Entries supplied
· · · · ·

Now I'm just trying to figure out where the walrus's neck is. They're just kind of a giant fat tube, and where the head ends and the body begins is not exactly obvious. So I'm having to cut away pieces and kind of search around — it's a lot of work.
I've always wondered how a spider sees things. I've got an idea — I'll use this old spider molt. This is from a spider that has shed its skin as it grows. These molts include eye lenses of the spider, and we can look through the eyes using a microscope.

· · · · ·

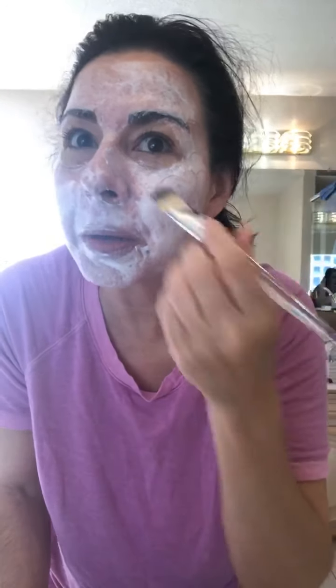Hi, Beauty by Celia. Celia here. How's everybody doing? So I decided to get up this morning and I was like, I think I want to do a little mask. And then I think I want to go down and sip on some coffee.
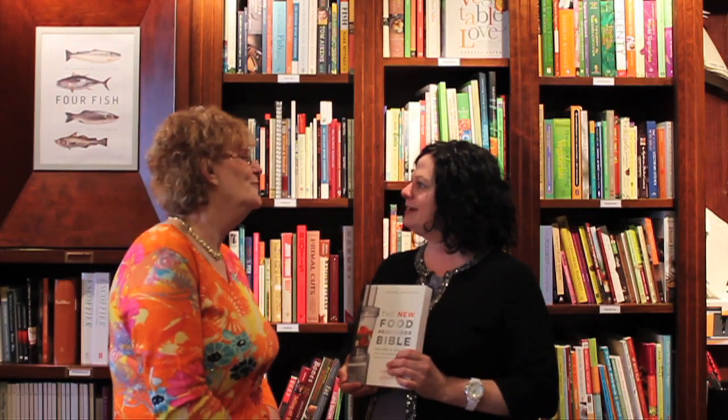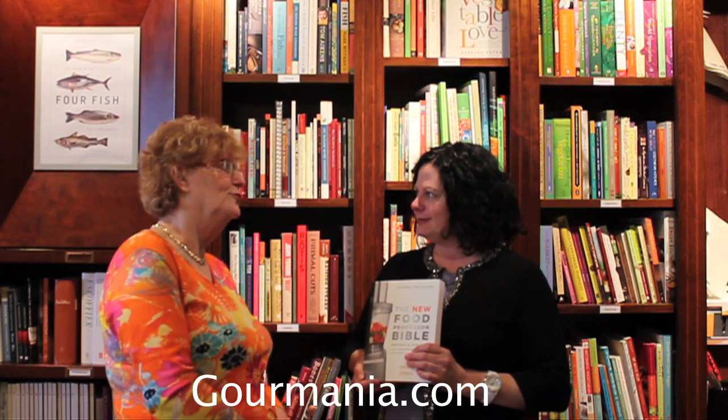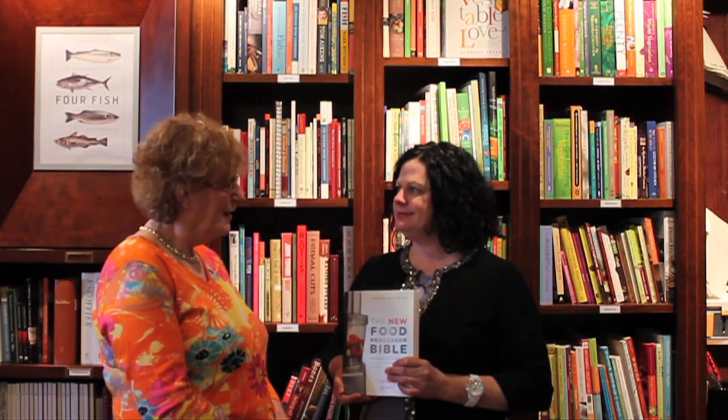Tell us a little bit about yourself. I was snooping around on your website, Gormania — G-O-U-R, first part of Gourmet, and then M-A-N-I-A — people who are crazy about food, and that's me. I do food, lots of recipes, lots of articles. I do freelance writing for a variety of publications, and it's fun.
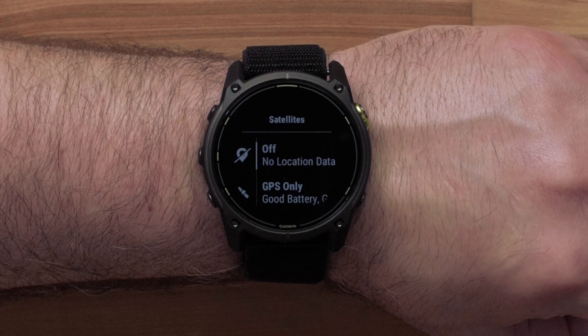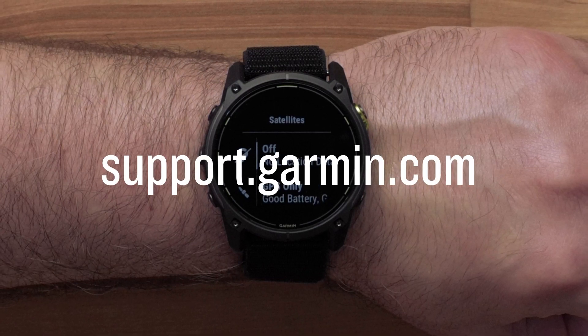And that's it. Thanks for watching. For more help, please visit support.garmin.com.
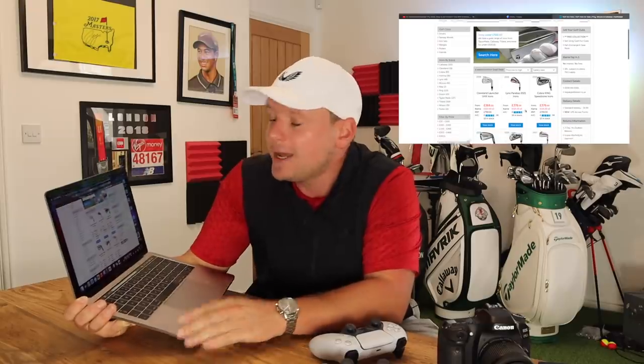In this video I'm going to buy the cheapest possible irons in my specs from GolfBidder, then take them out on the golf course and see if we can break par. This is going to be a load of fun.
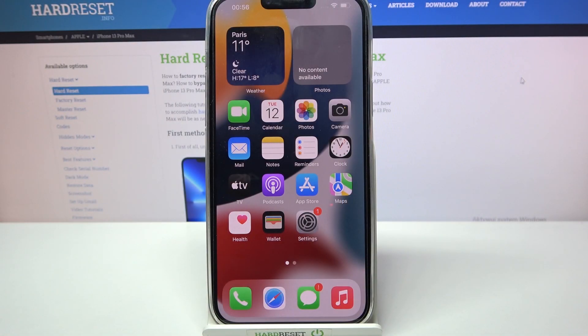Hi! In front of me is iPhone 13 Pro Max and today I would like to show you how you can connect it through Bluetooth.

· · · · ·

What the exercise asks
From the data above, return only the lines starting at the line that holds "And that's it." and ending at the line that holds "Hi! In front", word for word and without pictures.

Exercise response
And that's it. Thanks for watching. For more help, please visit support.garmin.com.
In this video I'm going to buy the cheapest possible irons in my specs from GolfBidder, then take them out on the golf course and see if we can break par. This is going to be a load of fun.
Hi! In front of me is iPhone 13 Pro Max and today I would like to show you how you can connect it through Bluetooth.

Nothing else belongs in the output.